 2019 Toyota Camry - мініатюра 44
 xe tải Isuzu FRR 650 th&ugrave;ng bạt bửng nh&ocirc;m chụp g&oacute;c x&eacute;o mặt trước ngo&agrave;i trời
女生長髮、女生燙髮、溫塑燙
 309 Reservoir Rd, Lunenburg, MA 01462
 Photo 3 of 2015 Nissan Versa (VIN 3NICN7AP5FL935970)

...

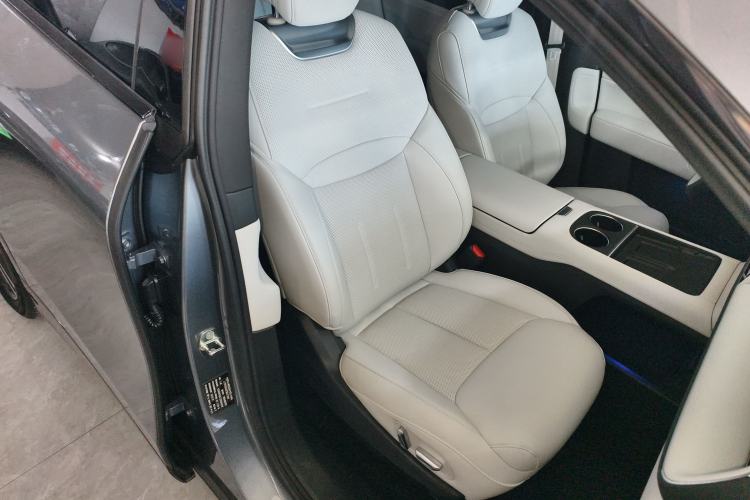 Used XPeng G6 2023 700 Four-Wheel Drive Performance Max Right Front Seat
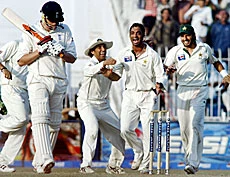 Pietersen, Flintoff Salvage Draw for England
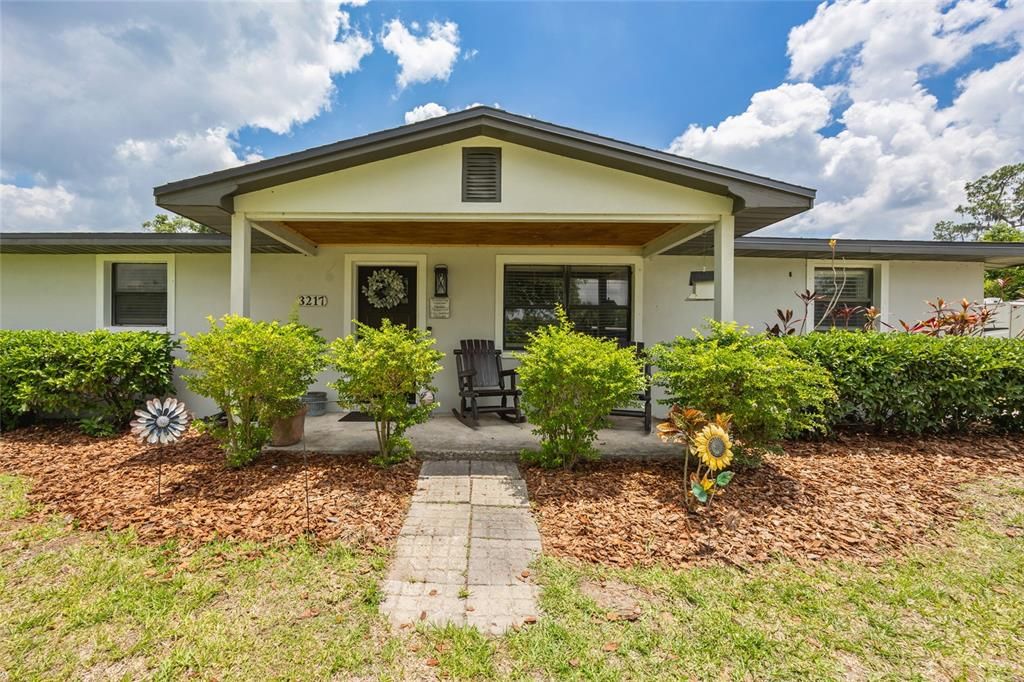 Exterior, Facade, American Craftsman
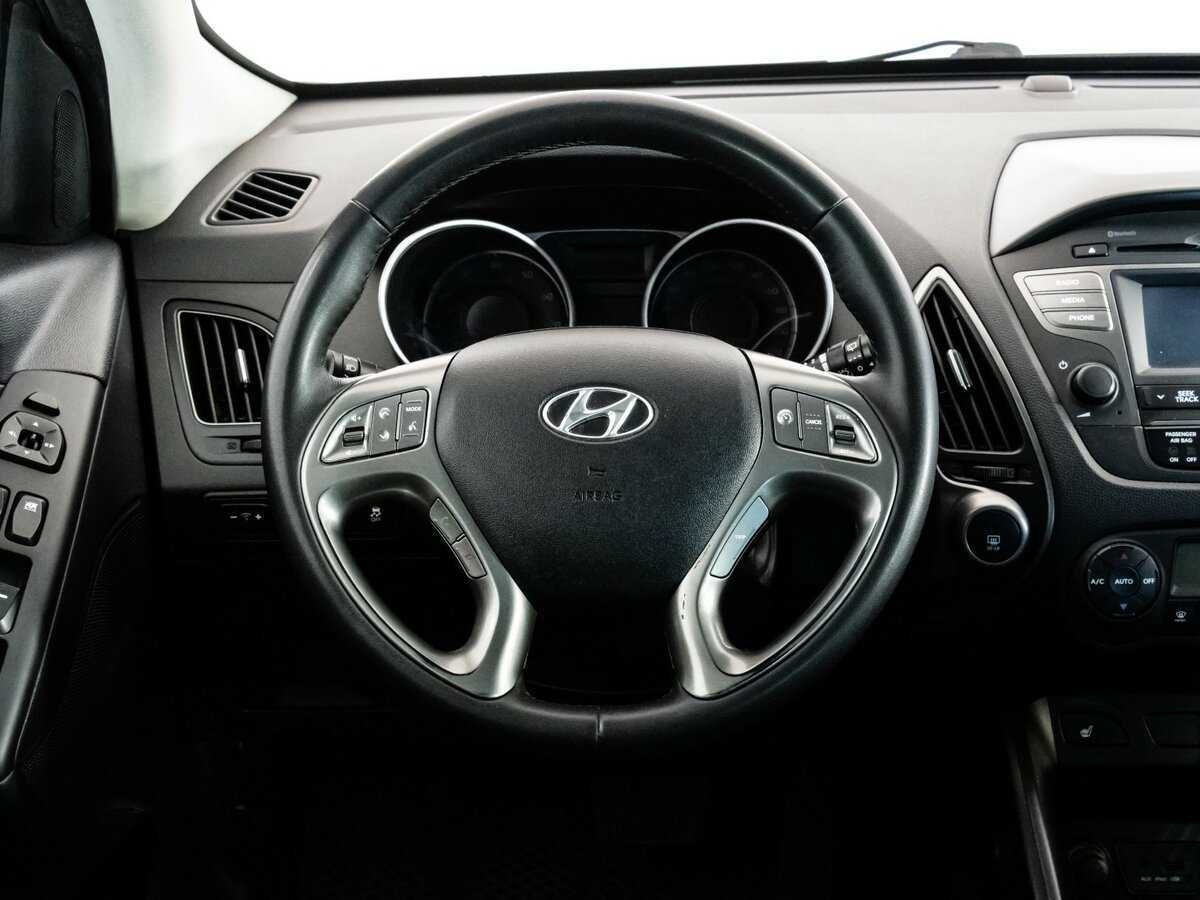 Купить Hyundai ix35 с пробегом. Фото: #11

- Task:
Output exactly one stretch of the listing: from the line containing "女生長髮、女生燙髮、溫塑燙" through the line containing "Photo 3 of 2015", both end lines included.

- Solution for this problem:
女生長髮、女生燙髮、溫塑燙
 309 Reservoir Rd, Lunenburg, MA 01462
 Photo 3 of 2015 Nissan Versa (VIN 3NICN7AP5FL935970)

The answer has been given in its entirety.